Seems a lot of it is saying “you can’t put a price on x” — and then going ahead and putting a price on x anyway by saying we should prefer to fund x over y.
In her book, Ms. Schiller ties her criticism of effective altruism to broader questions about optimization, writing: “At a time when we are under enormous pressure to optimize our time, be maximally productive, hustle and stay healthy (so we can keep hustling), we need philanthropy to make pleasure, splendor and abundance available for everyone.”
Her conception of the good can include magnificence and meaning and abundance. But how can we make that available for everyone without the kinds of reasoning decried as ‘optimization’?
I feel like the people saying “you can’t put a price on a beautiful holy site” are trying to avoid saying “you can, and the holy site is worth more than the lives the money could have saved” - it’s not impossible that Notre Dame is worth the lives unsaved (with its millions of visitors a year), but it is impossible to refute the claim unless they are honest about how they’re valuing it.
It seems they’re missing the mood that our problems are larger than the resources we have to fix them, and so advocating for not facing the uncomfortable triage questions.
(My comments inspired by / plagiarised from https://x.com/trevposts/status/1865495961612542233 )
I’m quite disappointed by this article. I talked to her and tried to steer her towards more substantive and novel concerns. I know that other knowledgeable people talked to her as well. That didn’t seem to make much of an impact.
The majority of online articles about effective altruism have always been negative (it used to be 80%+). In the past, EAs were coached not to talk to journalists, and perhaps people finally reversing this is why things are getting better, so I appreciate anyone who does it.
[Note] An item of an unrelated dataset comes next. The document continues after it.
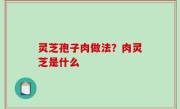 灵芝孢子肉做法？肉灵芝是什么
Of course there is FTX, but that doesn't explain everything-- many recent articles including this are mostly not about FTX. At the risk of being obvious, for an intelligent journalist (as many are) to write a bad critique despite talking to thoughtful people, it has to be that a negative portrayal of EA serves their agenda far better than a neutral or positive one. Maybe that agenda is advocating for particular causes, a progressive politics that unfortunately aligns with Torres' personal vendetta, or just a deep belief that charity cannot or should not be quantified or optimized. In these cases maybe there is nothing we can do except promote the ideas of beneficentrism, triage, and scope sensitivity, continue talking to journalists, and fix both the genuine problems and perceived problems created by FTX, until bad critiques are no longer popular enough to succeed.